Segment Start: Data provided
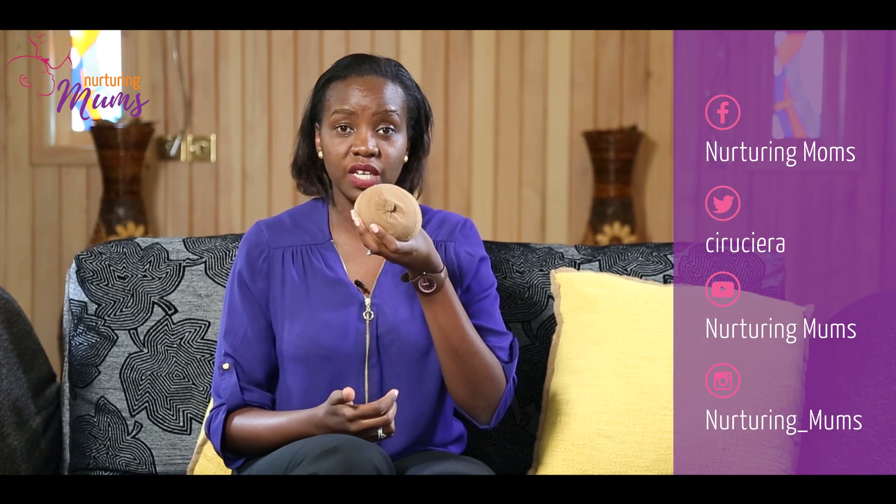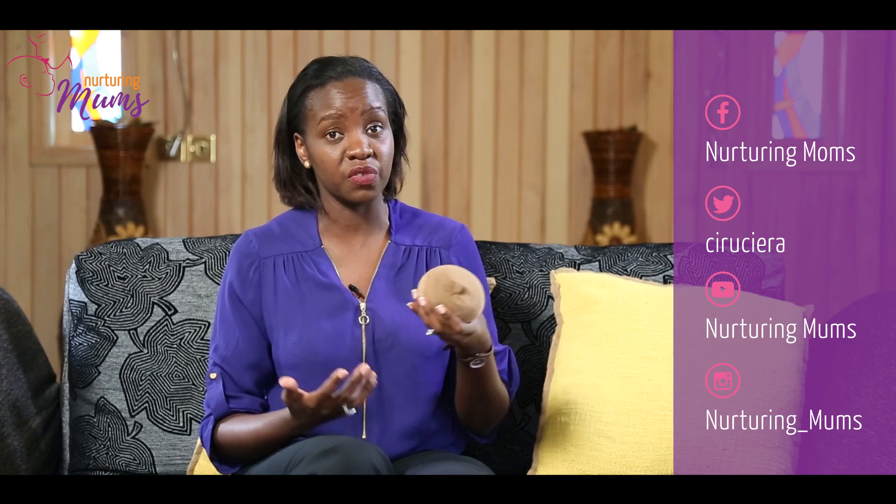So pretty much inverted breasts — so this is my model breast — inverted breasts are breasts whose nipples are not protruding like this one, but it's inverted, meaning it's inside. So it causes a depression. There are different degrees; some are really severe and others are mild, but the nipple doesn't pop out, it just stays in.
Segment End: Data provided
Segment Start: Data provided
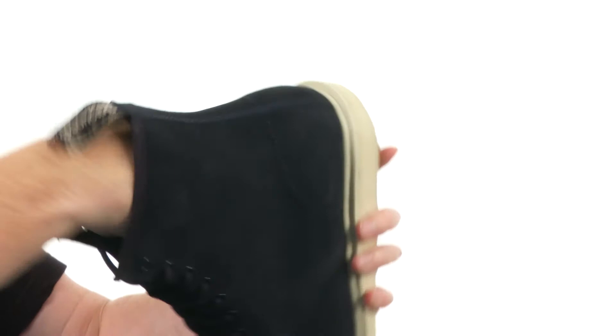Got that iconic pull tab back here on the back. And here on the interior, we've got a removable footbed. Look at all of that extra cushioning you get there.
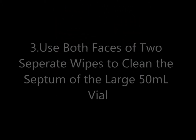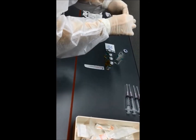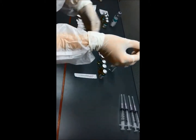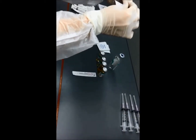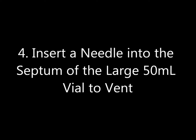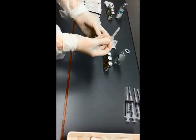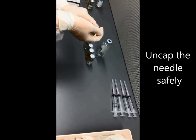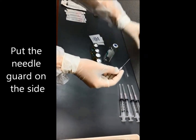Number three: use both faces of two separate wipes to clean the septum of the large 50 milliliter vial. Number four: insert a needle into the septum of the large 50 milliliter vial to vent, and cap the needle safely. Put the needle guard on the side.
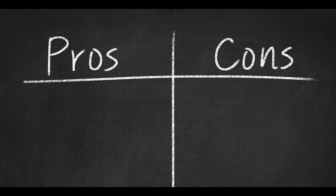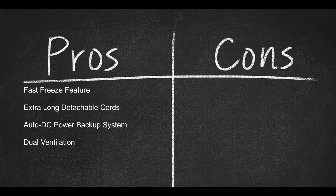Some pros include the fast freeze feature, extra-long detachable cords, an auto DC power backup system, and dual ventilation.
Segment End: Data provided
**What is needed:** Taking the material above, give again exactly the lines from the one holding "Got that iconic" through the one holding "Some pros include", with both ends and without pictures.

**Response to the exercise:**
Got that iconic pull tab back here on the back. And here on the interior, we've got a removable footbed. Look at all of that extra cushioning you get there.
Number three: use both faces of two separate wipes to clean the septum of the large 50 milliliter vial. Number four: insert a needle into the septum of the large 50 milliliter vial to vent, and cap the needle safely. Put the needle guard on the side.
Some pros include the fast freeze feature, extra-long detachable cords, an auto DC power backup system, and dual ventilation.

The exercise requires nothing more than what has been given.